By: Sonny Zulhuda
While big data is by now a commonly heard term, dark data is not. Some participants in the recently-held Singapore Symposium whispered to me that they had never heard about the term – so you can say they were in dark about Dark Data.
The term is new to me as well! Except that I have had a little earlier opportunity than those guys to read about it and to finally make sense of it.
It all rooted from the fact that we have had an abundance of data around us, and how much those abundant data are capable of being sourced as information. Yes, it is about Big Data. As we know, Big Data is about quantifying everything possible to be a data. A person’s identity is no longer depending on what is printed on documents (ID, passport, certificates) about him. A person is now identifiable from his mumbling words, his movement, his location, his mood and even the pattern of what he will do every day. All those data are being quantified and measured due to their availability from myriads of media, devices, and interactions (both human and artificial). What makes it possible? You name it: Mobile gadgets, Social media, CCTVs and commercial transactions you have been making, to name a few.
In organisational life, the same is happening. More and more data are collected and stored by organisations, manually and electronically. Data of employees (and their mumbling words, movements, location, mood, etc.), of visitors, of business transactions, of internal meetings, of vendor’s works, of all reports, records and repositories, etc. are increasingly collected, stored…. but not necessarily used. In many occasions those data are no longer usable after their first collection, and yet they still fill up the organisation’s storage (recent research indicates that these unusable data may stack up to 70% of oganisations’ data).
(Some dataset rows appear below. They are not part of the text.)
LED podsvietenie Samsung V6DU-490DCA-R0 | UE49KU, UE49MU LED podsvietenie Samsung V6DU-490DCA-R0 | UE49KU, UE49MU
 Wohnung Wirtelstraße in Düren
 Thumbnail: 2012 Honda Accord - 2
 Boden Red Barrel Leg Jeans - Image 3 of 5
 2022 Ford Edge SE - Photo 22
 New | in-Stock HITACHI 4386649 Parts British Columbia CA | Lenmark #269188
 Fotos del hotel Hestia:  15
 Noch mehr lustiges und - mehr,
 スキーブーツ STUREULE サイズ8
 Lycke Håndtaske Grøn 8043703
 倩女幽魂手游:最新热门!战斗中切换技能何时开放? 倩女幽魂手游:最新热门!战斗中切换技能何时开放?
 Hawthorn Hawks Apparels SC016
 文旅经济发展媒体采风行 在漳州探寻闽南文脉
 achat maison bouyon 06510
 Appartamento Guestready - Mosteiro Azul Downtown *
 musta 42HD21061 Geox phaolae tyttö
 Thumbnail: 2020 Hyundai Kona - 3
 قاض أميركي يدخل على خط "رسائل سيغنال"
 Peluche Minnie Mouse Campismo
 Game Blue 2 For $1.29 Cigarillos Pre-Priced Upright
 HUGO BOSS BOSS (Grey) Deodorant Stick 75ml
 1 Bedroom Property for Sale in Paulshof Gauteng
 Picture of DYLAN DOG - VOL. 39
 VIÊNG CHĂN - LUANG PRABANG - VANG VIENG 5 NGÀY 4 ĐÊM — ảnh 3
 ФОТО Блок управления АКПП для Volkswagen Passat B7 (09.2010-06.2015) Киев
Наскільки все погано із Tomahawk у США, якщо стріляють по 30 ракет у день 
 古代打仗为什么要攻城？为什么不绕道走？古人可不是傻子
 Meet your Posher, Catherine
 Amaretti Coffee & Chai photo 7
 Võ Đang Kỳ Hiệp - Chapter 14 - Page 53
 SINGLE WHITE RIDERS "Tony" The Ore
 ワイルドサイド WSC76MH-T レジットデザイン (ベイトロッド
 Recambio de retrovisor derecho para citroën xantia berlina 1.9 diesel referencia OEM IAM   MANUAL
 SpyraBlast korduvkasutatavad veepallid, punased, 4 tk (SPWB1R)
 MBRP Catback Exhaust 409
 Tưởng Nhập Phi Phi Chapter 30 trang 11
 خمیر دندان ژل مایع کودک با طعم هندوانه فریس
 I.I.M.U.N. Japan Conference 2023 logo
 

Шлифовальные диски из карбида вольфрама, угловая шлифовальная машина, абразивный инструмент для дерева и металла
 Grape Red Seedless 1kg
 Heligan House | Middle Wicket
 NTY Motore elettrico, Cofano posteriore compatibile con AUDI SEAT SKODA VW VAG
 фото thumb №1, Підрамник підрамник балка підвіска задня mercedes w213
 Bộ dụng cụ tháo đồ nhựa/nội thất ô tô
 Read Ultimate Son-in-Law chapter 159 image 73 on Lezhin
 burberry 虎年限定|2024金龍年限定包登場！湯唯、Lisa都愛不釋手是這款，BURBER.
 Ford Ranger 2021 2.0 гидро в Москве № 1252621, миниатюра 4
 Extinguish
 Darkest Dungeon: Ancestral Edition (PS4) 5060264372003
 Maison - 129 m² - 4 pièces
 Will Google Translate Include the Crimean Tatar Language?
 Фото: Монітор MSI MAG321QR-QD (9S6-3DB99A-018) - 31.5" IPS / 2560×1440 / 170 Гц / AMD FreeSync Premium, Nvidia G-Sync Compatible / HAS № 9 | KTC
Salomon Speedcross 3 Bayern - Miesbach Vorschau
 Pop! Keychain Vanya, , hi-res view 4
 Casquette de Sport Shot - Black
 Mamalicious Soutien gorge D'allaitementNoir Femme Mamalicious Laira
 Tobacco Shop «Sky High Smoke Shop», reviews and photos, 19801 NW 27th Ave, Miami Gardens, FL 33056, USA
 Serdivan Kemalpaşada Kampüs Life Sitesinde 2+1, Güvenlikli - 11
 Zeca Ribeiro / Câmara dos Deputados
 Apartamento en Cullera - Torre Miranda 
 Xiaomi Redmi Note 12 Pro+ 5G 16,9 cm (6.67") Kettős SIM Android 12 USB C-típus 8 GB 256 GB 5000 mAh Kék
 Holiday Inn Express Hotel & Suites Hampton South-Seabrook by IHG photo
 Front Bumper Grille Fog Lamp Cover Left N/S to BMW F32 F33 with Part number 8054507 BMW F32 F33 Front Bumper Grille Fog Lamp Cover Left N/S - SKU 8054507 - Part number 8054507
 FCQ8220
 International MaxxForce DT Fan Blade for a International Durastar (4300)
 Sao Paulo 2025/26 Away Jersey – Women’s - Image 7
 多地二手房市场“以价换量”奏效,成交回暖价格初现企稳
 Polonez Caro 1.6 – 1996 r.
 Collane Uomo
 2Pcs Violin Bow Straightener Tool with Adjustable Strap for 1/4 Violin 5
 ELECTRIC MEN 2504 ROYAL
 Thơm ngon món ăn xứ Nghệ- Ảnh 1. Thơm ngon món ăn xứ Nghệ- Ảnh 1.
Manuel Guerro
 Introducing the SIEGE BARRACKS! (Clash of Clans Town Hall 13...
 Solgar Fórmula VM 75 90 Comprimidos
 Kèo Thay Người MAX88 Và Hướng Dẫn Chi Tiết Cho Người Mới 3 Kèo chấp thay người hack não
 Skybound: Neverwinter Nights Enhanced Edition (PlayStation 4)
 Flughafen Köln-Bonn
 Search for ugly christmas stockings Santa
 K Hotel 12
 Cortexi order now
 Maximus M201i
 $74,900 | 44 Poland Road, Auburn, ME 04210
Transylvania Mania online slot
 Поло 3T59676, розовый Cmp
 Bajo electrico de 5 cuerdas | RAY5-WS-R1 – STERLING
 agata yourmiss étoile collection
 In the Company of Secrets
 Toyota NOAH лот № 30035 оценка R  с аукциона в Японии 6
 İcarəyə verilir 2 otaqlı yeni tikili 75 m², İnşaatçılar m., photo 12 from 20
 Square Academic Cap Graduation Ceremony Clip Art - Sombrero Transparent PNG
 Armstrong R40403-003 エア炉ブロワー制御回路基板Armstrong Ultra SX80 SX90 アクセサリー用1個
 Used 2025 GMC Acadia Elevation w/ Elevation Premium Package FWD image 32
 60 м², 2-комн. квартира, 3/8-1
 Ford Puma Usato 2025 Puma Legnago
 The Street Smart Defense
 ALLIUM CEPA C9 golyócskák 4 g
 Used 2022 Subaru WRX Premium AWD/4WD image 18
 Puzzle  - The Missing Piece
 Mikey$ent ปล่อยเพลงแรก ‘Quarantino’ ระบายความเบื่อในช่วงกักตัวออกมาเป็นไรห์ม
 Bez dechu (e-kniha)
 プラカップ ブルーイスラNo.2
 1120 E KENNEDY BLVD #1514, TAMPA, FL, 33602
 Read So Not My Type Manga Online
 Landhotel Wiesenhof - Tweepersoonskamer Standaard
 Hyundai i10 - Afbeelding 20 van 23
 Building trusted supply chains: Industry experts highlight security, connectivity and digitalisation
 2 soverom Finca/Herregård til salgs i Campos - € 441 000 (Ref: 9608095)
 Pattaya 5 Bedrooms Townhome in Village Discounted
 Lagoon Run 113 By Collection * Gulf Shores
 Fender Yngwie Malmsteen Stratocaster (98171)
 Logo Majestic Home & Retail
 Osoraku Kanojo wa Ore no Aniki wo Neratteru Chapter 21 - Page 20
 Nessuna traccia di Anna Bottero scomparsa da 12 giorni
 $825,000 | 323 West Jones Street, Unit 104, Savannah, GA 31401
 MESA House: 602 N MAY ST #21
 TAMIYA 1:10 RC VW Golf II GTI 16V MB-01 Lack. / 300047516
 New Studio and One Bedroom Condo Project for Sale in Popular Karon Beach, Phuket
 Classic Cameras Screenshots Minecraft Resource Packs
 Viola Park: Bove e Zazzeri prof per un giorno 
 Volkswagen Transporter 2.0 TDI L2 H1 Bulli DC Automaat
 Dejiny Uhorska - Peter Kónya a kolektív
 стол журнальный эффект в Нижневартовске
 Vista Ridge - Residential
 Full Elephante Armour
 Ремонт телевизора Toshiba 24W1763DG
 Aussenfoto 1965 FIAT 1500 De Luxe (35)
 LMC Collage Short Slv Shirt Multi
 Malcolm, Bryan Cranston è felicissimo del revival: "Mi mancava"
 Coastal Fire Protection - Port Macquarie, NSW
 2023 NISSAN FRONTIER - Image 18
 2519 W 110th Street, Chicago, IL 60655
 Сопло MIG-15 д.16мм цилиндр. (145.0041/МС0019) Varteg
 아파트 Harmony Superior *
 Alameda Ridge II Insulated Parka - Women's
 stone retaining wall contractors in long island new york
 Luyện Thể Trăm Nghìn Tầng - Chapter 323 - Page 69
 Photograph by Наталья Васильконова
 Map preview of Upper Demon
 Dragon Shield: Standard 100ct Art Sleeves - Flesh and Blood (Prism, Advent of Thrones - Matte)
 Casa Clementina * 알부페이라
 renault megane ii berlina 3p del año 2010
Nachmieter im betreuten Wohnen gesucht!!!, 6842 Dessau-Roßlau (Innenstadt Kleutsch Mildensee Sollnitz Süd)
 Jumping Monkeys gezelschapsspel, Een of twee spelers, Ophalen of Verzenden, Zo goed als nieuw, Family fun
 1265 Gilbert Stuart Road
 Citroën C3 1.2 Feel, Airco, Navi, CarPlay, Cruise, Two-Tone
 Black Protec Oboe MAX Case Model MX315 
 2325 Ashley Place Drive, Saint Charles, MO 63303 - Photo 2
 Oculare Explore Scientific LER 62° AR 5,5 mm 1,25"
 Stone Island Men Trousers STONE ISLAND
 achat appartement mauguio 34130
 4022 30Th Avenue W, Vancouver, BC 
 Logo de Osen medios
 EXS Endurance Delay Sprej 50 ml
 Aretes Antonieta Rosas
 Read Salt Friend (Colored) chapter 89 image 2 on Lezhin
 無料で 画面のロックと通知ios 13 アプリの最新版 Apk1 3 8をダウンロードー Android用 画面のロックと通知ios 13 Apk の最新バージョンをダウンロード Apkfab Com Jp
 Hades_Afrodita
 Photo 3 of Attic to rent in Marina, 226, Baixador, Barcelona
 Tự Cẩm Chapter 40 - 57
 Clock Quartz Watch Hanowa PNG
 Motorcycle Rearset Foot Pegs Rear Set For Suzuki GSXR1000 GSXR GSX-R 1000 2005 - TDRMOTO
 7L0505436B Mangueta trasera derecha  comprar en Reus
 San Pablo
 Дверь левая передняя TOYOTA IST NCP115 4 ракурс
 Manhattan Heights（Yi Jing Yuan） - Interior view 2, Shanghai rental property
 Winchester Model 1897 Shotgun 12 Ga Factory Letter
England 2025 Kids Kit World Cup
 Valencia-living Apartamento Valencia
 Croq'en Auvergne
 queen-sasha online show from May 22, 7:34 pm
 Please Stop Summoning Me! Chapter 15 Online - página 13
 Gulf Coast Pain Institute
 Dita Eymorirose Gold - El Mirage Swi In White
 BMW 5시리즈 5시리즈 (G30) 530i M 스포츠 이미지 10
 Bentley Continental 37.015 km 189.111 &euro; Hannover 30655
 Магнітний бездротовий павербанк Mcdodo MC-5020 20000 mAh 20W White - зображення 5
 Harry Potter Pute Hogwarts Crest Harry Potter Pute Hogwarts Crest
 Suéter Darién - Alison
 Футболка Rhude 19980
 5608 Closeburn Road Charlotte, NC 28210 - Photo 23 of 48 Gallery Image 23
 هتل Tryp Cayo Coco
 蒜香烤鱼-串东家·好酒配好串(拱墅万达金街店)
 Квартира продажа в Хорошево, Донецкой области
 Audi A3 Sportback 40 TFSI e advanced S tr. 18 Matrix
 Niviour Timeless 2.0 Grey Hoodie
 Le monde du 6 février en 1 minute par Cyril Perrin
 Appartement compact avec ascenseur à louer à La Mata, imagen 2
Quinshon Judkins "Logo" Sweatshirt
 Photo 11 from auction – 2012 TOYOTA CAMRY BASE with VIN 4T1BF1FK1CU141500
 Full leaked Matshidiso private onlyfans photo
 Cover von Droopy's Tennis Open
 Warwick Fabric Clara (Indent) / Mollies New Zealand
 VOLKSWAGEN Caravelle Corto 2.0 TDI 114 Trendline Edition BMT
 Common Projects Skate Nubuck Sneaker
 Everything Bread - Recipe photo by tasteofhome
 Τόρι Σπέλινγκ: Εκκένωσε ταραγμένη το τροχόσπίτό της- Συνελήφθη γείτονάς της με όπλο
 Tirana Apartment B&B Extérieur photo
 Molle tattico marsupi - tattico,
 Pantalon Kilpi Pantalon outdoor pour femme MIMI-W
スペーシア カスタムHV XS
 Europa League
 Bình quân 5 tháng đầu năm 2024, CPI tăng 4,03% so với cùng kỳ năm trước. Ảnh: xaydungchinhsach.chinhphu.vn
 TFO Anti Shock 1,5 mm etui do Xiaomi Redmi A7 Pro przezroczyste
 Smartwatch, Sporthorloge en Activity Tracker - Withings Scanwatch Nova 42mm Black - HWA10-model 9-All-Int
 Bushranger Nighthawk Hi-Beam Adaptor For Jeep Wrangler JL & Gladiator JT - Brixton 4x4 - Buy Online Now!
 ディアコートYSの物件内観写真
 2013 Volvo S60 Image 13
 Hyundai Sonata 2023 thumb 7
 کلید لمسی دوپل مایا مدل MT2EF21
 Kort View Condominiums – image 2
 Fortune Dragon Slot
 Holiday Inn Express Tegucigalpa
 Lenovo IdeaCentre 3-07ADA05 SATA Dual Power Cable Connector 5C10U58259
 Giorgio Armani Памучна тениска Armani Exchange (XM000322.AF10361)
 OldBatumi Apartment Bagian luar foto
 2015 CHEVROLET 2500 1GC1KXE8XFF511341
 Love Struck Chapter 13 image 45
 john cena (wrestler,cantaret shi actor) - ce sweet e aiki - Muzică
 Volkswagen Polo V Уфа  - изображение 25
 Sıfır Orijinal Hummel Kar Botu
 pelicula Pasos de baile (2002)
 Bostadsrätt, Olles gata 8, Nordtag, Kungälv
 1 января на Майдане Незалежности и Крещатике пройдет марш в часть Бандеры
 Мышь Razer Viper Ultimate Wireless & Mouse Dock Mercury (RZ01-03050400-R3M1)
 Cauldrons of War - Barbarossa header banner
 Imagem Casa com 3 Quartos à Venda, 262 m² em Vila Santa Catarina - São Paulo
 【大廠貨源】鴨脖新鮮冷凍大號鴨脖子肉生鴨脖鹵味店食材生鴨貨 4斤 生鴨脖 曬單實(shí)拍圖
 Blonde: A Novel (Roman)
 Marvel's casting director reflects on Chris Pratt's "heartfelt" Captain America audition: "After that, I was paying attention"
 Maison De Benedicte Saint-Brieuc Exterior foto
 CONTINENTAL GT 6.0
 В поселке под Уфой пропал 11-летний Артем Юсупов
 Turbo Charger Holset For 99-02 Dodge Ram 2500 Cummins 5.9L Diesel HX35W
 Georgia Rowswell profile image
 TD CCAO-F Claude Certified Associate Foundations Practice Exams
Those are dark data. Untapped, untagged and sometimes unknown data.
Now is this: the fact that they remain unused does not mean they are valueless. You can run this simple test: Should you dump all these data to your competitor or any third party, would there be a loss to suffer? What about a competitive loss, breach of secrets, infringement of privacy, reputation loss, legal liability? If yes, then such Dark Data should be urgently managed.
That is the first message that I delivered in my 1-hour talk in Singapore yesterday.